Traveling fast doesn't mean walking in a hurry or getting out of breath. And it doesn't mean running your trail life by a stopwatch. You don't even have to keep notes. You don't have to graph your performance when you get home and compare against last time.

But it's still fast.

Traveling light means less of everything, including complexity. If it's less complex it's easier to do, and faster too, so traveling light means traveling fast. Even if you're going slowly. Got that?

Good.

Now let's get back to my favorite unsolved problem. Which is food.

Face it, you have to eat. I do too.

I like eating. Most people do. It helps pass the time.

If I eat the right stuff I get a nice feeling in my mouth, and another one in my tum-tum, and for a while I'm not bored. Eating is the fun part, though getting hungry isn't. On the trail it just happens, but in town real, honest, hollowed out hunger is hard to come by.

Which is too bad, since hunger before a meal means that your body needs food to live. And boredom before a meal means only that your brain has too many idle cycles to use up. Eating while bored doesn't relieve the tum-tum pangs, it only makes Mr. Tum-Tum get bigger and wigglier. Without any beneficial effects.

For me, food is fuel. Or should be. Used to be.

When things work out right, food is fun to eat. When things don't work out right, I still eat food, even if it's anonymous and tasteless. Because it's still fuel.

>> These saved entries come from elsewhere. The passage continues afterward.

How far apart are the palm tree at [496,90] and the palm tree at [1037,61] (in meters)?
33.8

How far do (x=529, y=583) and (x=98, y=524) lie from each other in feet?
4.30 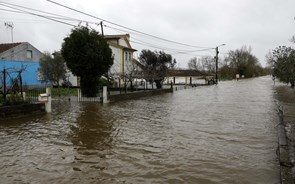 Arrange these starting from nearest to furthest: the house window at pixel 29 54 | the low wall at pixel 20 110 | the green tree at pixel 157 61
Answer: the low wall at pixel 20 110 → the house window at pixel 29 54 → the green tree at pixel 157 61

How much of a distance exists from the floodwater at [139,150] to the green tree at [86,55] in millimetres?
8678

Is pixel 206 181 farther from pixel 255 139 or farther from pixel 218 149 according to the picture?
pixel 255 139

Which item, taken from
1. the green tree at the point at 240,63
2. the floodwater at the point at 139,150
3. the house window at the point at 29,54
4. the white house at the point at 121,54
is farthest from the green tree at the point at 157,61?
the green tree at the point at 240,63

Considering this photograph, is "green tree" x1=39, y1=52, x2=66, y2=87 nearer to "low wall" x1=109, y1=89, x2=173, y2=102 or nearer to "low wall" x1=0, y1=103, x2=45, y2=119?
"low wall" x1=109, y1=89, x2=173, y2=102

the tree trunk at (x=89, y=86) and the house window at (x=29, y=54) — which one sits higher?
the house window at (x=29, y=54)

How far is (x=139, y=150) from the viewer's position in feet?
26.9

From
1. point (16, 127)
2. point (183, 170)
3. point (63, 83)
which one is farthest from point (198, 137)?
point (63, 83)

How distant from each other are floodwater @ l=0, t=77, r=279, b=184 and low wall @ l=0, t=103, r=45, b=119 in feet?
1.94

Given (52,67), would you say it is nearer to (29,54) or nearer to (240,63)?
(29,54)

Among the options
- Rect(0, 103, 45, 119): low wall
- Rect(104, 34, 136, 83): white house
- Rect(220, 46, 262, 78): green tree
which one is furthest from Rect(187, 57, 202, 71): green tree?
Rect(0, 103, 45, 119): low wall

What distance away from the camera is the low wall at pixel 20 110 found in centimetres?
1334

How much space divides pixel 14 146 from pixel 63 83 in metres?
23.8

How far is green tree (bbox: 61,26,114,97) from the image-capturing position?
2138 centimetres

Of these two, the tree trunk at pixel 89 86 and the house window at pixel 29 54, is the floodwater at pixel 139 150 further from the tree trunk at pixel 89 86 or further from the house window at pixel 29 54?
the house window at pixel 29 54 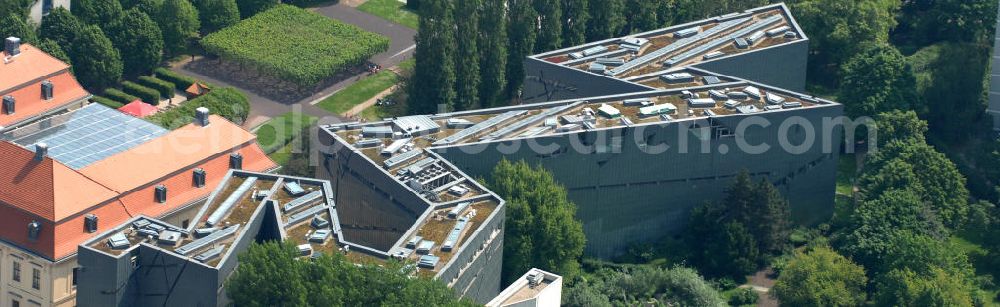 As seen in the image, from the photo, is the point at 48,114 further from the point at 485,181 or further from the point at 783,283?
the point at 783,283

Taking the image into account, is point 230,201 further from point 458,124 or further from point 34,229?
point 458,124

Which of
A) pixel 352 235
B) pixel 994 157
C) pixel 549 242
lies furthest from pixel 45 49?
pixel 994 157

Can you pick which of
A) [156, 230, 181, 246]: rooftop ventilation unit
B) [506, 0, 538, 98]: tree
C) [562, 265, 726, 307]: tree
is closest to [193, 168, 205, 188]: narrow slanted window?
[156, 230, 181, 246]: rooftop ventilation unit

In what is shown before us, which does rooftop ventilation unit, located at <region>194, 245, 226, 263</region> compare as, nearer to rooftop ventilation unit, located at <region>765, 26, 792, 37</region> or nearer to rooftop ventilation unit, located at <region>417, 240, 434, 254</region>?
rooftop ventilation unit, located at <region>417, 240, 434, 254</region>

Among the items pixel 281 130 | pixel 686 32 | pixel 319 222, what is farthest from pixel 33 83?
pixel 686 32

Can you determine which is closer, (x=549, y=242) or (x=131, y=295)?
(x=131, y=295)

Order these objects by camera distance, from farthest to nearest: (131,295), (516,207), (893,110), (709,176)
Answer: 1. (893,110)
2. (709,176)
3. (516,207)
4. (131,295)

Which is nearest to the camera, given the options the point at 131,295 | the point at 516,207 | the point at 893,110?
the point at 131,295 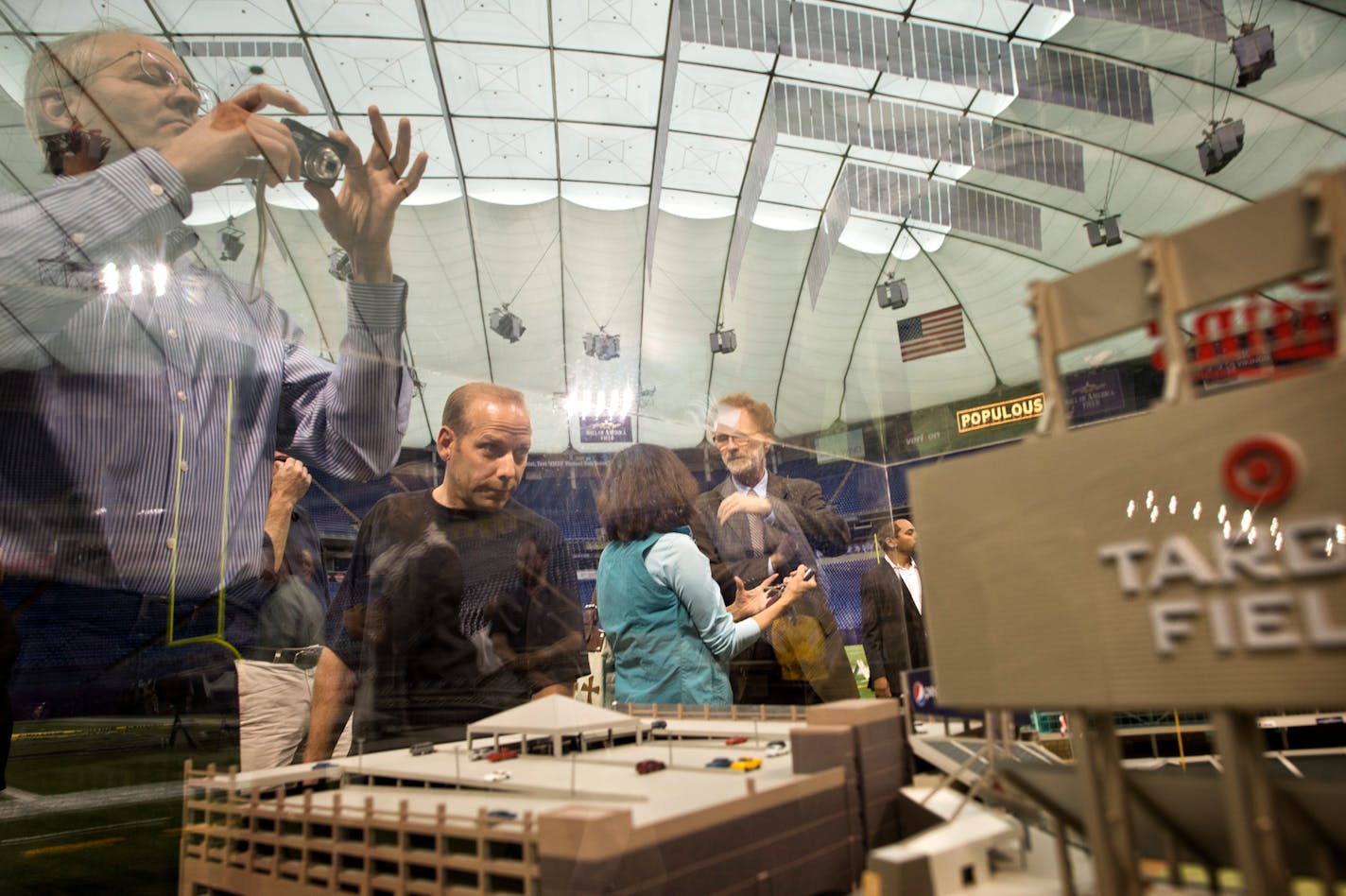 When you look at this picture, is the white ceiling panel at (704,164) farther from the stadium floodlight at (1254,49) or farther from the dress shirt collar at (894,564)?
the stadium floodlight at (1254,49)

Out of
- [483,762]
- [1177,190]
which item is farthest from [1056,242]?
[483,762]

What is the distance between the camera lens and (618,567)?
7.95m

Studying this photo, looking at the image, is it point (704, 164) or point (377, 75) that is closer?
point (377, 75)

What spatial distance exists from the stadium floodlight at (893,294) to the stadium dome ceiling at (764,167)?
0.09m

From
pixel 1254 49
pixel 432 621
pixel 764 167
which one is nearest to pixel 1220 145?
pixel 1254 49

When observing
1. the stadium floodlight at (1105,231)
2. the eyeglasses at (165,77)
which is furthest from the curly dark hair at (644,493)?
the stadium floodlight at (1105,231)

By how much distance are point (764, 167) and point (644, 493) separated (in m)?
4.50

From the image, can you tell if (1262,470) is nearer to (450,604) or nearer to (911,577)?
(450,604)

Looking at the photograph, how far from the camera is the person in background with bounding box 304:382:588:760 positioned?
686cm

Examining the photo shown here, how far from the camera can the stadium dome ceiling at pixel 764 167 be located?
7.72 m

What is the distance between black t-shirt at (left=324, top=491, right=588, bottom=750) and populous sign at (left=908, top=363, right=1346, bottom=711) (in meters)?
4.71

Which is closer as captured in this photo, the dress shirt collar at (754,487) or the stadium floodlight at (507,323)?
the stadium floodlight at (507,323)

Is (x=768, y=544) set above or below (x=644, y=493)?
below

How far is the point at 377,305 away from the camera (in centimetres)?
725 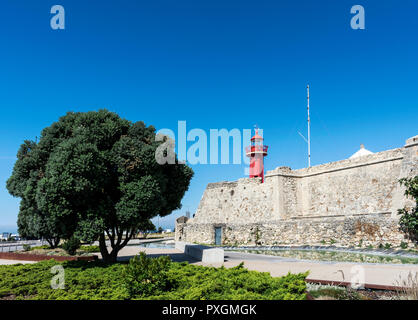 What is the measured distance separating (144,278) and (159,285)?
1.51 ft

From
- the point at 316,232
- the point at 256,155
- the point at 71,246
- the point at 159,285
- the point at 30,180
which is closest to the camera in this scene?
the point at 159,285

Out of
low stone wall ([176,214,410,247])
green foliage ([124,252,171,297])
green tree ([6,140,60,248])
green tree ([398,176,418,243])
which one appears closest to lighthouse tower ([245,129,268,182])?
low stone wall ([176,214,410,247])

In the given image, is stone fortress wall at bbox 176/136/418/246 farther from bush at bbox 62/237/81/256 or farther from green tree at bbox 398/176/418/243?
bush at bbox 62/237/81/256

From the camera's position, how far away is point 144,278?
8.74m

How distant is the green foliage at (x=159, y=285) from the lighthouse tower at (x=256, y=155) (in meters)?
35.1

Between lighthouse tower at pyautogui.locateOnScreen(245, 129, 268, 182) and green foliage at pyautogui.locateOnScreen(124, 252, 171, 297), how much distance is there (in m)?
38.6

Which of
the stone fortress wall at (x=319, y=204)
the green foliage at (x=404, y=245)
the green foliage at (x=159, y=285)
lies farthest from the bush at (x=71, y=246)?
the green foliage at (x=404, y=245)

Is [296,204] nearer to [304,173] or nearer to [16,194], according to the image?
[304,173]

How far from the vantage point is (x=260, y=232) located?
30.0m

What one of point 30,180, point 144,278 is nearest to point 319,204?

Mostly. It used to be like that. All my life I've been slim and right on the edge of starvation. Each meal came at the right time and none too soon. Now that I'm older, slower, and hang out indoors even more, food is tending toward entertainment, but it's still necessary. Mr. Tum-Tum likes it even if he isn't hungry, because he gets bored really easily.

If I could do without things, I'd choose sleep first.

Long, long ago I saw an episode of Nova on public television. It was about sleep. It seems that there are some people who need only about four hours. And there are some who need less. Like two hours. And there was one man who needed only 15 or 20 minutes, once a day, and he could hardly stand to do it. He hated the time he lost daily to unconsciousness.

Yeah, so I need eight and a half hours, maybe nine, so that's out.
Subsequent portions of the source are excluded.